Maximum Number of Operations to Move Ones to the End

Maximum Number of Operations to Move Ones to the End

What is this problem about?

The Maximum Number of Operations to Move Ones to the End coding problem gives you a binary string (containing only '0's and '1's). You can perform an operation where you choose a '1' and move it to the end of the string. Each operation costs 1. The goal is to find the minimum number of operations required to arrange all '1's to the end of the string, while maintaining the relative order of the '0's and '1's respectively.

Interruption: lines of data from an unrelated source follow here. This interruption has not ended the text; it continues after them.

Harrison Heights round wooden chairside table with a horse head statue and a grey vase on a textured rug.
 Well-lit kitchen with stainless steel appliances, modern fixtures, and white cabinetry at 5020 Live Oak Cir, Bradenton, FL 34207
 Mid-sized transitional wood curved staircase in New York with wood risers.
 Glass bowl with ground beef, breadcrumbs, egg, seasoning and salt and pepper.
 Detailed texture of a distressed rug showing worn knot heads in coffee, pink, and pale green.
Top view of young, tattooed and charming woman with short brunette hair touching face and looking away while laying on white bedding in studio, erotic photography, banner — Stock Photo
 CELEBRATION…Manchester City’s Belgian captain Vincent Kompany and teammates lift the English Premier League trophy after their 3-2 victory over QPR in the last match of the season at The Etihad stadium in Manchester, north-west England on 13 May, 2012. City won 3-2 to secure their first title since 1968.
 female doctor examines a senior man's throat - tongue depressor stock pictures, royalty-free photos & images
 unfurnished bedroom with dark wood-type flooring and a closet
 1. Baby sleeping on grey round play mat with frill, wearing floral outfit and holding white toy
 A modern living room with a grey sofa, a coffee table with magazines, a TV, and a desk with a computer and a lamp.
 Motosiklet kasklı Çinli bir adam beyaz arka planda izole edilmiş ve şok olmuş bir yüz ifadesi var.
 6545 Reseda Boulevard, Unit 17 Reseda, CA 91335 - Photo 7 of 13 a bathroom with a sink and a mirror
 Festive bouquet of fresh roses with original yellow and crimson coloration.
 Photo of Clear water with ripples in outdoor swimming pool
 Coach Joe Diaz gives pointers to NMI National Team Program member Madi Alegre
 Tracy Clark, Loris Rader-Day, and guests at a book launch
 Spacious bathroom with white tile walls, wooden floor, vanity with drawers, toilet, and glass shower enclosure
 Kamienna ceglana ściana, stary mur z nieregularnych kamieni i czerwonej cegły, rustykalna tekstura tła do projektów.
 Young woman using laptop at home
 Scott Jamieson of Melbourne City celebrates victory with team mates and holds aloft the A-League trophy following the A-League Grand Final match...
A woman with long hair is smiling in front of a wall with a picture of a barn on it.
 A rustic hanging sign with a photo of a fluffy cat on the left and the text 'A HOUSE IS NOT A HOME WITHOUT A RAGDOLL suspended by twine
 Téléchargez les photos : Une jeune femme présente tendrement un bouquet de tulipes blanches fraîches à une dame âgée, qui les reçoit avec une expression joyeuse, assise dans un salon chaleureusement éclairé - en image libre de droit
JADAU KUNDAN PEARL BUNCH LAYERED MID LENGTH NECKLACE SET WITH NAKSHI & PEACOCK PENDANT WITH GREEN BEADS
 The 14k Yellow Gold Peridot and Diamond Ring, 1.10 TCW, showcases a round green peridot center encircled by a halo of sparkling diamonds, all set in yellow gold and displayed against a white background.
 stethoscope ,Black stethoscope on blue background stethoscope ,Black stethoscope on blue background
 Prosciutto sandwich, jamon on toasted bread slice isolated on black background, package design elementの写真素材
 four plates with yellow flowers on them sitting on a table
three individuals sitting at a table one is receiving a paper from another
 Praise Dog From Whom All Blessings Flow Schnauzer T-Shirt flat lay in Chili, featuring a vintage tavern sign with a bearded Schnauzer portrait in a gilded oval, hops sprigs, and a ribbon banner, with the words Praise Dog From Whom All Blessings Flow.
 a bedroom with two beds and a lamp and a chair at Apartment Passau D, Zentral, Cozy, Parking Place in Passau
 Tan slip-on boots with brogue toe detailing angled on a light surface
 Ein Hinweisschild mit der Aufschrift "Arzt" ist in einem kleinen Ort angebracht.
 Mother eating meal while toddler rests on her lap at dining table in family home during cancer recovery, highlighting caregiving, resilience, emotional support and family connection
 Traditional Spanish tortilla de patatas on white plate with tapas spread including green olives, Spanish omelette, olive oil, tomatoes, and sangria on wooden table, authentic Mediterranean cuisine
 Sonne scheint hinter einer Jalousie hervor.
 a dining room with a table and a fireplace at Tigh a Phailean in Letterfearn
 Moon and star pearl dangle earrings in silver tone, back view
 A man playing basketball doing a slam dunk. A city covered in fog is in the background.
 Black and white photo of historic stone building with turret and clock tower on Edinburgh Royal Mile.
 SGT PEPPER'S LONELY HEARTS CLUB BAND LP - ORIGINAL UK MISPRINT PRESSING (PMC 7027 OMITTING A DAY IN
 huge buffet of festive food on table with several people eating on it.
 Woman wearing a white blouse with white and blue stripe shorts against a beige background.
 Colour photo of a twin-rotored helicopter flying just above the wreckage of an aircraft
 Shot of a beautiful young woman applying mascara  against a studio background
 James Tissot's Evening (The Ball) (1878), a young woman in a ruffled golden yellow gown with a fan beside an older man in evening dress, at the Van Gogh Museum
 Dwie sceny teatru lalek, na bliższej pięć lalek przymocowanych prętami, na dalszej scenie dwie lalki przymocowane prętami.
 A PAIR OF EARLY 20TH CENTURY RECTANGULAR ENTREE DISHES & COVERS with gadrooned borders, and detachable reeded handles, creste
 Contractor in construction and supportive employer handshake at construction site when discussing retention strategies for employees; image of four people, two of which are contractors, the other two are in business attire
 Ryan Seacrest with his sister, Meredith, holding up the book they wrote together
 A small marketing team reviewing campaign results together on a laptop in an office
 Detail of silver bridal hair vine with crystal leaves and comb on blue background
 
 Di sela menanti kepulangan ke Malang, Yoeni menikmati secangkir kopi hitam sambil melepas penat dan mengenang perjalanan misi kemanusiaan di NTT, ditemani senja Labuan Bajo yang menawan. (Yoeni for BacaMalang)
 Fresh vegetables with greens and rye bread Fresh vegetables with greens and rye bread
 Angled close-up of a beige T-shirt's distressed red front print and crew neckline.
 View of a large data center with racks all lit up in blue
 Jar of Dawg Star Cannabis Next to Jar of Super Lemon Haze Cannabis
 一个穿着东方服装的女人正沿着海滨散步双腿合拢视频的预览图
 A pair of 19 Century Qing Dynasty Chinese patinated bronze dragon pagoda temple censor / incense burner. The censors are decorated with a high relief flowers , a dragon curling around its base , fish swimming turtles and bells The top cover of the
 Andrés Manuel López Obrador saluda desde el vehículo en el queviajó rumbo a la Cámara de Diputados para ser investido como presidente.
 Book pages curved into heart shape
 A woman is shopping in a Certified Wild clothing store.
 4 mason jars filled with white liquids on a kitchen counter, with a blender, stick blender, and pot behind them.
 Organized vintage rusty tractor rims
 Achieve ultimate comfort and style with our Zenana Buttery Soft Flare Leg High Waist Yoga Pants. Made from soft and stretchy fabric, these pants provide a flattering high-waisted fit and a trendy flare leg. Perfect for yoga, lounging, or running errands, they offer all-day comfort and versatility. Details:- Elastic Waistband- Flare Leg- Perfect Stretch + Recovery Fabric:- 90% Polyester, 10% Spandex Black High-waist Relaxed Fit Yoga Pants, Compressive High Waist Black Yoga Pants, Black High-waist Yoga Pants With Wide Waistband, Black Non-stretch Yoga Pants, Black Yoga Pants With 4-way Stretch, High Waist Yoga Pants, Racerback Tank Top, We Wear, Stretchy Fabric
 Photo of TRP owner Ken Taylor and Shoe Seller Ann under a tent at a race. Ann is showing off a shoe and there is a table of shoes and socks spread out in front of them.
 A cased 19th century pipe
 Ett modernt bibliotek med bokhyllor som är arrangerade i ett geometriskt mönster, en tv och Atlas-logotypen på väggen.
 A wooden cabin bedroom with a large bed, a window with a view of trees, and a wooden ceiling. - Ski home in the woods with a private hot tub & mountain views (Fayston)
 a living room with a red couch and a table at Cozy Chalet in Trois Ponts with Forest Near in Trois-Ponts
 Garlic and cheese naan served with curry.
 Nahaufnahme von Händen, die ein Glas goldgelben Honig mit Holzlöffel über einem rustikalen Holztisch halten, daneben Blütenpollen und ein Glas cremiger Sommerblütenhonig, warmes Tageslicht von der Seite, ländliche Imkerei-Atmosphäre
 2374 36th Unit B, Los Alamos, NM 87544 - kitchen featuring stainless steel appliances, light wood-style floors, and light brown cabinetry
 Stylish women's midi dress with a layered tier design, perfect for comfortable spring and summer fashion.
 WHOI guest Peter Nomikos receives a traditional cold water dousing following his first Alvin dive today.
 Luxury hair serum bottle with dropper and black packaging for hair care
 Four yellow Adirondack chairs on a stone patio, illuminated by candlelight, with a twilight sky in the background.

Why is this asked in interviews?

Meta, Amazon, Google, and Bloomberg frequently use problems like this to test greedy algorithms, string manipulation, and sometimes two-pointer techniques. It assesses how well a candidate can identify an optimal substructure and make locally optimal choices to achieve a global optimum. The "relative order" constraint is key.

Algorithmic pattern used

Greedy Approach: The problem states that moving a '1' to the end costs 1 operation. The relative order of '0's and '1's must be maintained. This implies that if we have a '1' at index i and a '0' at index j where i < j, and we want to move the '1' past the '0', it costs 1 operation. Consider the '1's from left to right. When you encounter a '1', you want to move it past all '0's that are currently to its right. However, since you can only move '1's to the very end and relative order of '0's must be maintained, what matters is how many '0's are currently to the left of the '1's final position.

A simpler greedy strategy: count the number of '0's that appear before any '1's. These '0's must effectively be "jumped over" by the '1's. The cost is the number of '0's that are in front of a '1' which is moved. A '1' only needs to be moved if there's a '0' to its right that it needs to "pass". But since we move '1's to the absolute end, then their relative order among themselves is preserved. Similarly for '0's. This implies we only need to move the '1's that are before any '0's that will remain in their positions. No, that's not right. The simplest interpretation is usually the best. The problem states: "Maximum Number of Operations to Move Ones to the End". This sounds like we want to move all '1's that are not already at the end. A simpler greedy approach: iterate through the string. Maintain a count of zeros. Every time you encounter a '1' after having seen some zeros, it means this '1' is "out of place". It needs to move past all the zeros that have accumulated before it. So, operations = sum(count_of_zeros_before_current_1) for all 1s. Example: "00101"

1. '0': zero_count = 1
2. '0': zero_count = 2
3. '1': operations += zero_count (which is 2). operations = 2.
4. '0': zero_count = 3
5. '1': operations += zero_count (which is 3). operations = 2 + 3 = 5. Result: 5.

This interpretation is correct for "move it to the end of the string" and maintaining relative order, as the zeros remain in place relative to each other, and the ones that are moved also maintain their internal relative order if moved one by one.

Common mistakes candidates make

• Misinterpreting "move to the end": Some might think of swapping, but it's an insertion at the very end.
• Not correctly accounting for zeros: The number of zeros a '1' "passes" is the number of zeros currently to its left.
• Off-by-one errors with counting: Ensure accurate tracking of both zeros and operations.

Interview preparation tip

For the Counting String Greedy interview pattern, problems involving rearranging binary strings often have simple greedy solutions. The key is to correctly identify what constitutes an "operation" and what state needs to be tracked. Practice similar problems where the relative order of certain elements must be preserved.